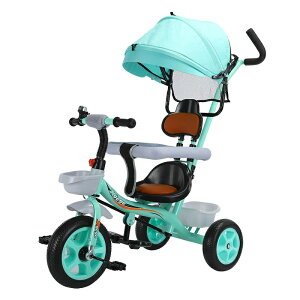 O֎ qpO֎ xr[J[ Ƃ pߋ K[h[t qp cp蕨  1`6 y [ nCLO Mtg v[g 艟_t V[gxgt 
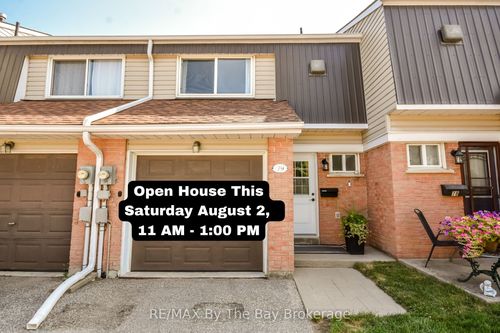 79-778 William St, Midland, ON, L4R4R8 | Card Image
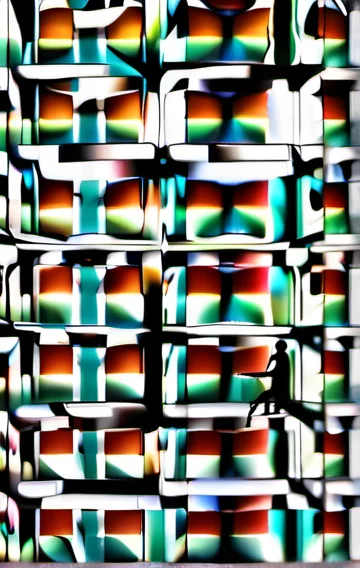 Dr Allens New Patient Ch 13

◇ ◇ ◇ ◇

**Exercise description**
Leaving aside the pictures, copy the listing above exactly.

**Written solution**
 O֎ qpO֎ xr[J[ Ƃ pߋ K[h[t qp cp蕨  1`6 y [ nCLO Mtg v[g 艟_t V[gxgt 
 79-778 William St, Midland, ON, L4R4R8 | Card Image
 Dr Allens New Patient Ch 13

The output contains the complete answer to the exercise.